Please reproduce the data exactly, excluding any pictures it contains.

Exercise data:
%%

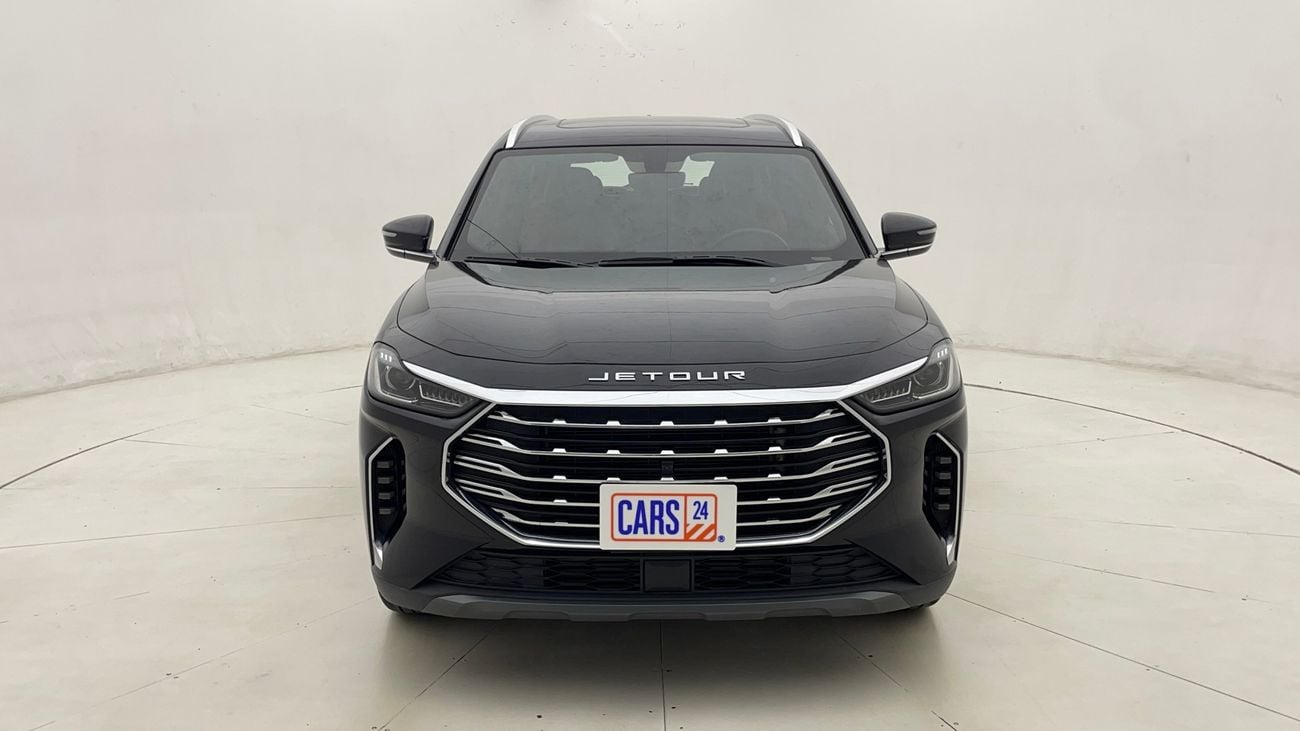 جيتور X70 بلس COMFORT 1.6 | بدون دفعة مقدمة | اختبار القيادة في المنزل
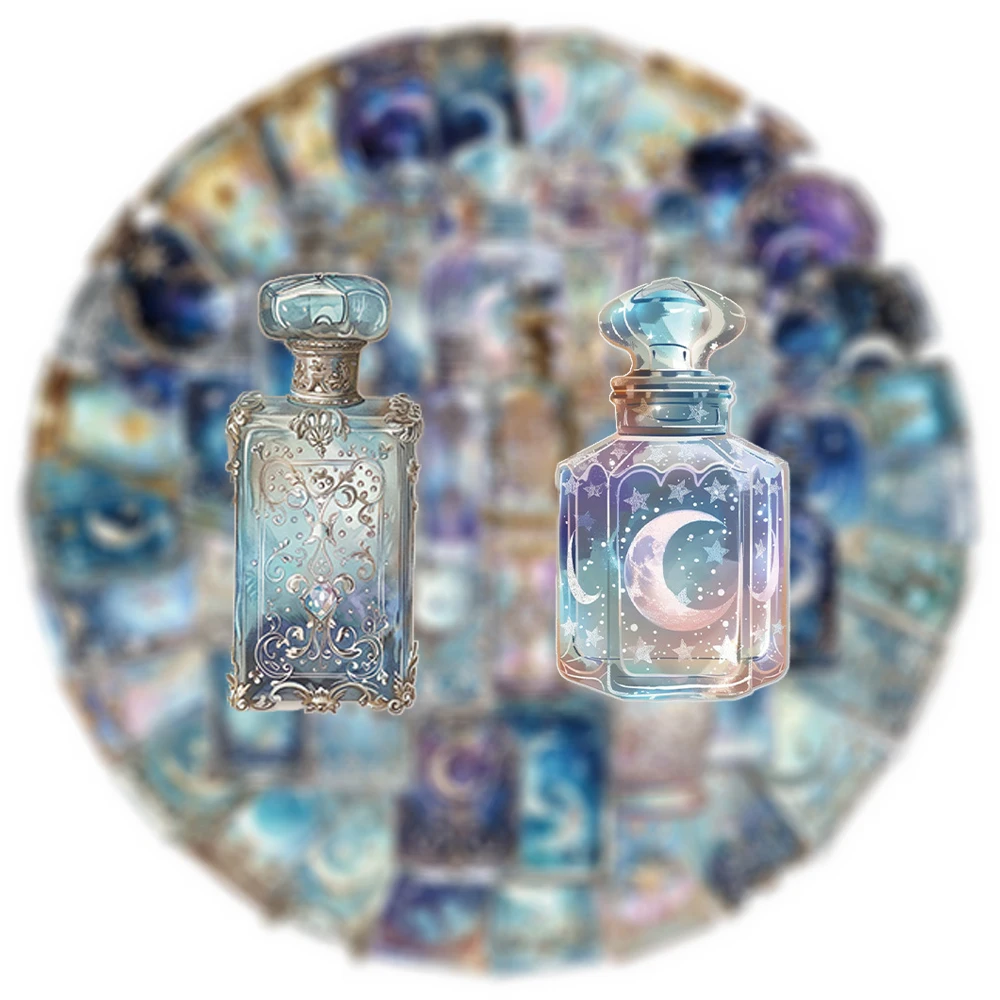 10/30/50pcs Vintage Aesthetic Art Moon Phase Bottle Stickers Cartoon Graffiti Decals Water Bottle Notebook Phone Sticker Packing
10/30/50pcs Vintage Aesthetic Art Moon Phase Bottle Stickers Cartoon Graffiti Decals Water Bottle Notebook Phone Sticker Packing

%%

Response below:
 جيتور X70 بلس COMFORT 1.6 | بدون دفعة مقدمة | اختبار القيادة في المنزل
 10/30/50pcs Vintage Aesthetic Art Moon Phase Bottle Stickers Cartoon Graffiti Decals Water Bottle Notebook Phone Sticker Packing
10/30/50pcs Vintage Aesthetic Art Moon Phase Bottle Stickers Cartoon Graffiti Decals Water Bottle Notebook Phone Sticker Packing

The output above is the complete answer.